Whether you think it’s a good thing or not, citizen journalism is on the rise. Not a shock there, as many of us carry potent 3G-connected computers bedecked with better-than-HD cameras in our pockets. This tech is also useful for journalists in remote or perilous areas, and that’s likely what Apple’s got in mind with a recent patent application pointing the way to advanced pocket-based broadcasting.
The patent hinges on the processing power contained in handheld devices like the iPhone or iPad, and the fact that in addition to having rear-facing high resolution cameras, the iDevices also have front-facing webcams (which in the future will likely be upgraded to HD resolution).
The typical on-location news interview setup has a lone cameraman, simple sound-recording gear and a single journalist–which means fill-in shots have to be recorded separately to show the interviewer as well as interviewee. Apple’s realized its twin-cam devices actually boost the power of a lone journalist to simultaneously record their target on video and the target audio, all while also capturing fill-in shots with a picture-in-picture interface. Sure makes video editing on the fly easier.

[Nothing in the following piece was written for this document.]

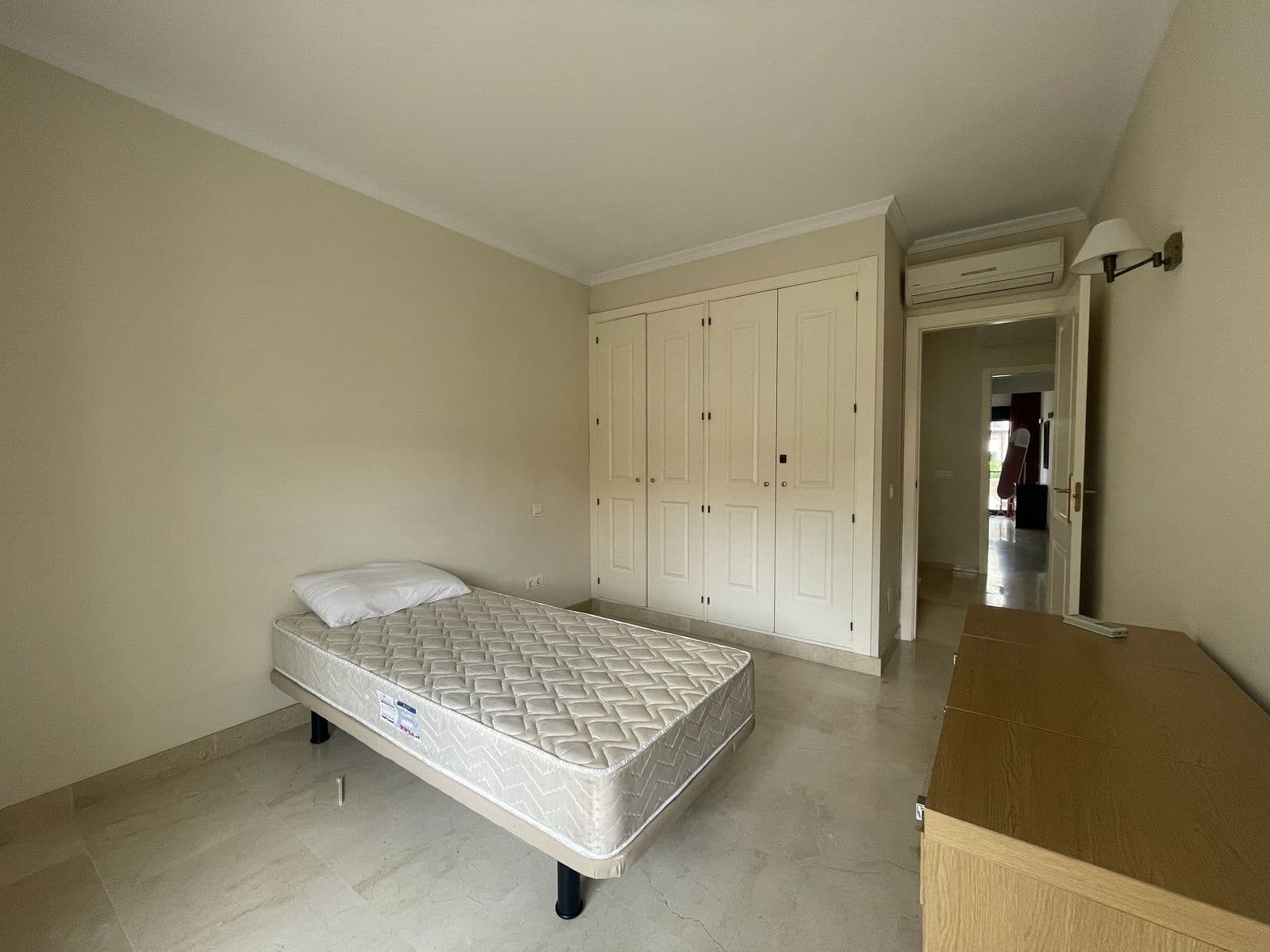 4 quarto Casa em Banda para venda em La Atalaya com piscina garagem - 565 000 € (Ref: 7383097)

Apple’s imagined application uses smart image and audio recognition software, controlled by the journalist. In “interview mode” the iPhone could monitor both front-facing and rear-facing video and audio streams, and automatically switch between them when the interviewer or interviewee is talking–it may even look for lip movements to better detect speech.
Meanwhile in “report mode” the app would by default capture rear-facing footage of the scene, only switching to cover the journalist when speaking, or when commanding the app to do so. Apple suggests the feed could be automatically transmitted for live reception at a news agency, or recorded for later editing in the field (or possibly on the device itself–Apple’s already made iOS a very powerful video editing system). In an even simpler version, the phone would transmit a multi-plexed camera feed directly to a remote editor, or record it for later more accurate editing. This last part is what raises all sorts of prospects for near-360-degree video footage of a dramatic news scene, as the reporter wouldn’t necessarily have to place themselves in the front-facing scene.
Pretty simple, sure, but often the best ideas are simple. And the potent image capture skills such a device could employ could definitely transform the worst “citizen journalism” into more interesting pieces, and also could give journalists a more traditional news broadcasting facility in difficult spots (think of those journalists being shepherded around by government handlers in Libya). It’s also tech that news agencies like the BBC and CNN could utilize with their existing field-reporting/citizen journalism plans.